On 17 and 18 June 2026, the CELIS Institute and the Center for International Private Enterprise (CIPE) convened a special edition of the CELIS Thought Leaders Programme in Santiago. Held at Chile’s Ministry of Finance and Ministry of Foreign Affairs, the two-day programme brought together Chilean public officials, international experts, business associations, chambers of commerce and legal practitioners for a high-trust exchange on investment screening and economic security.

This edition deliberately differed from the programme’s established European format. Rather than helping practitioners compare several existing screening regimes, CELIS Thought Leaders Chile was conceived as a policy-learning and capacity-building dialogue centred on Chile’s own questions.
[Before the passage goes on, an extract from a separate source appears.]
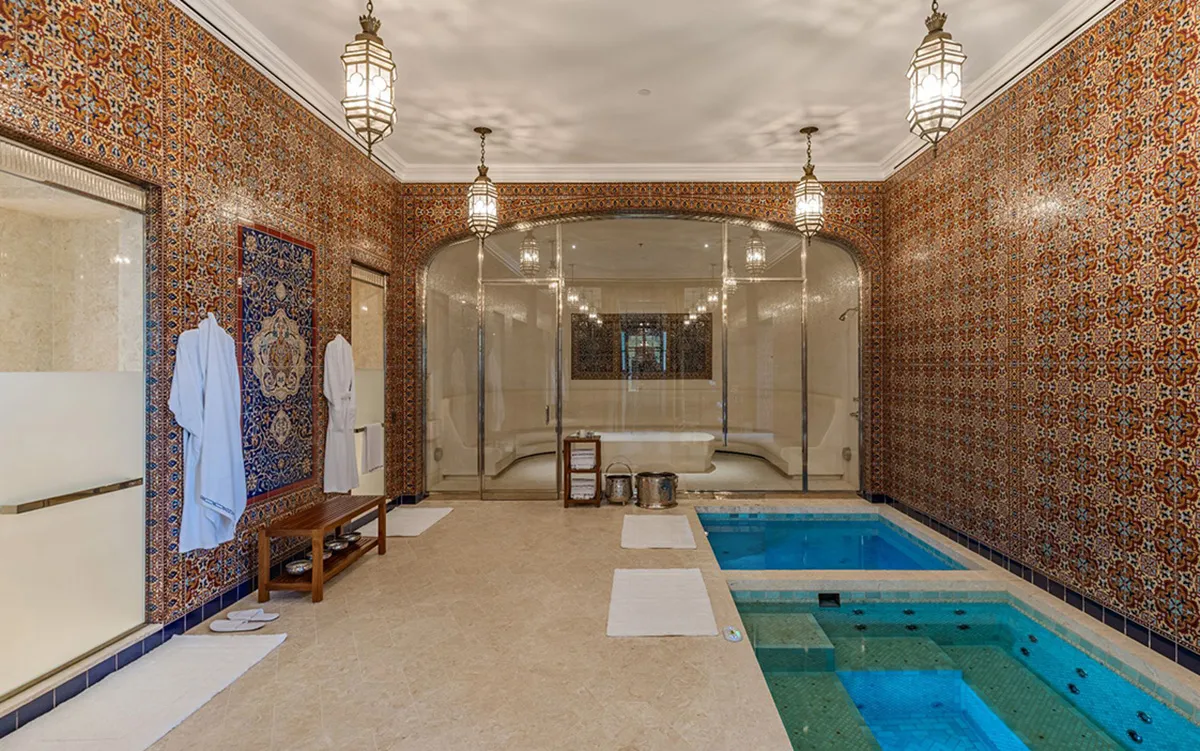 Indoor spa room with ornate tiled walls, robes on a bench, and a glass-enclosed relaxation area in the back.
Its purpose was to draw lessons from the experience of other jurisdictions - without importing a ready-made model - and to place those lessons at the disposal of Chilean decision-makers and stakeholders.
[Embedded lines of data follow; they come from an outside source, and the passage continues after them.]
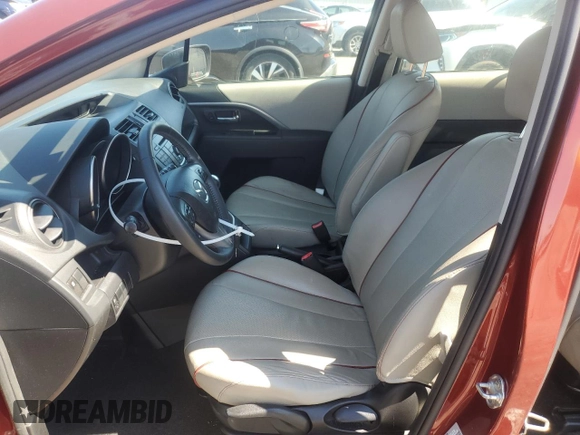 2012 Mazda 5 Grand Touring with VIN JM1CW2DLXC0139813, listed as a Copart auction lot 69896404 with 94,153 mi miles and Salvage Title. Bid and sale history available at DreamBid. Image 7.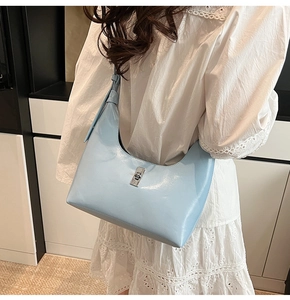 Detail of light blue glossy leather hobo bag with elegant silver rotating metal lock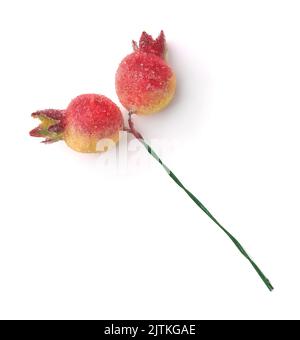 Artificial mini pomegranate  fruits for christmas decoration isolated on white Stock Photo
Two days, two complementary settings

The first day took the form of a closed-door, government-focused workshop at the Ministry of Finance.

The discussions examined how jurisdictions manage economic and strategic interdependencies; how targeted mitigation measures can address concrete risks without reducing screening to a binary decision to approve or prohibit an investment; and how a mechanism can be designed to deliver speed, predictability, legal certainty and appropriate avenues of review.
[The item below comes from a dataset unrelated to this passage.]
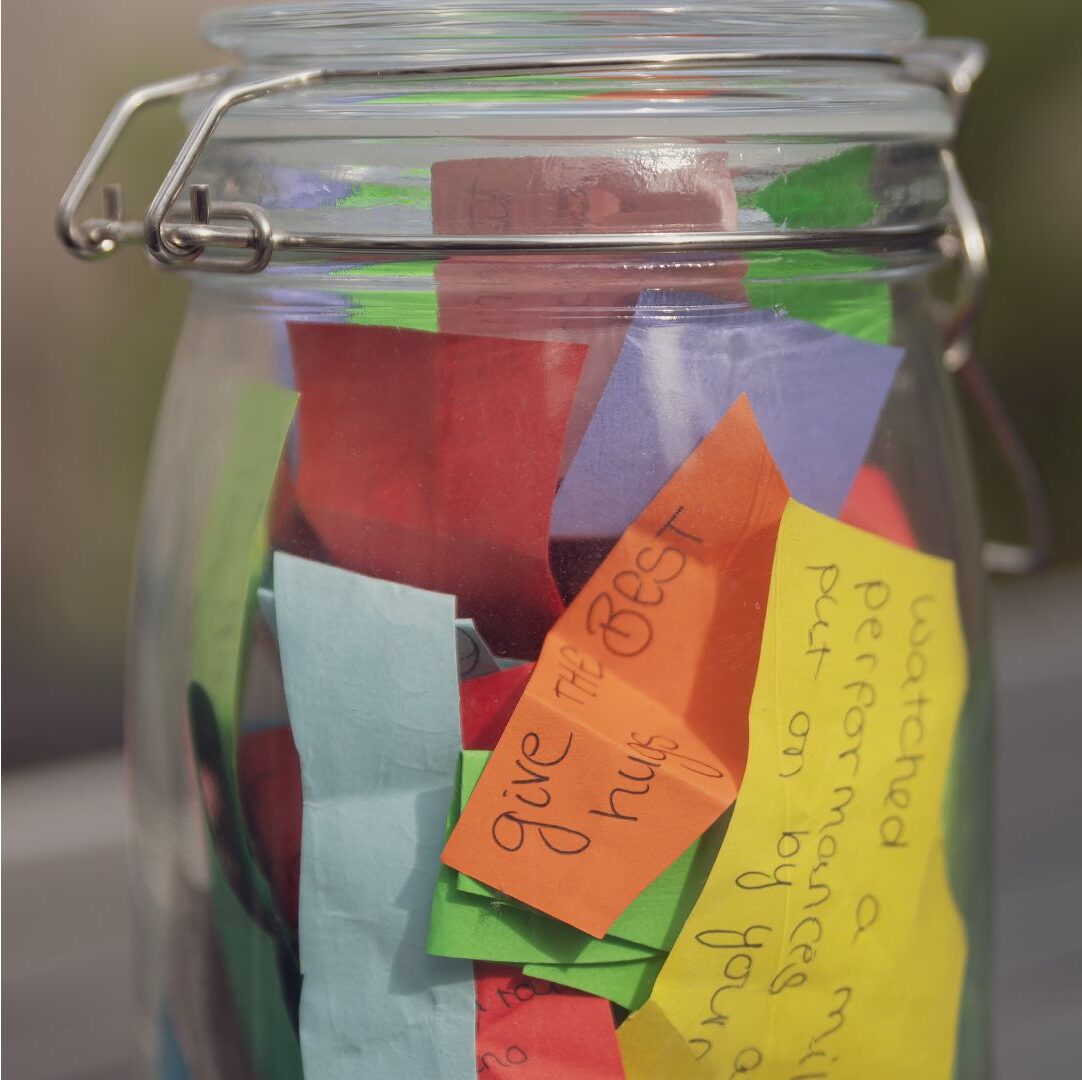May contain a glass jar filled with colorful slips of paper, some with handwritten messages like "give the best hugs".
The second day, held at the Ministry of Foreign Affairs, widened the circle to include the business community, chambers of commerce and legal practitioners. Participants considered what investment screening can - and cannot - achieve, how it fits within a broader economic-security toolbox, and how any future framework could reconcile security objectives with Chile’s continuing need for investment, growth and competitiveness.

What participants explored

Comparative experience, not copy-and-paste regulation
International practice can illuminate the choices, trade-offs and institutional safeguards that matter. Any Chilean approach, however, would need to reflect Chile’s own legal order, institutions, economic structure and strategic priorities.

Screening as calibrated risk management
Investment screening need not operate solely as an approve-or-prohibit mechanism. Carefully designed mitigation measures can target specific concerns—including access to sensitive information or technology, continuity of critical services, and governance over strategic assets—while allowing an investment to proceed.

Institutional design as a substantive issue
Clear thresholds, efficient workflows, transparent expectations, accountability and effective avenues of review determine whether a screening mechanism protects security without creating unnecessary uncertainty for investors and businesses.

One instrument within a wider toolbox
Investment screening cannot deliver economic security on its own. It must be understood as one instrument among several and designed to complement other tools addressing supply-chain resilience, critical infrastructure, strategic dependencies and sensitive technologies.

The private sector as a design input
Businesses, chambers and advisers see how regulatory requirements operate in actual transactions. Bringing that experience into the policy process can help ensure that a framework is proportionate, workable and compatible with Chile’s attractiveness as an investment destination.

A central takeaway

The discussions did not seek to decide for Chile whether an investment screening mechanism should be introduced or what form it should take. They pointed instead to a conclusion that applies regardless of the policy direction ultimately chosen: the quality of the design matters as much as the decision whether to screen.

A process that is lawful, proportionate, predictable and reviewable can support security and openness at the same time. One that is slow, opaque or arbitrary risks serving neither—and may deter precisely the investment that a country seeks to attract.

CELIS Thought Leaders Chile therefore marked a new approach within the Thought Leaders Programme: a governance-neutral, non-advocacy dialogue that brought international experience to a jurisdiction considering its own path, while keeping Chilean priorities and choices firmly at the centre. It reflected the core purpose of CELIS Thought Leaders- building expertise and trust through candid exchange among government, business, practitioners and academia - adapted to the particular needs of Chile.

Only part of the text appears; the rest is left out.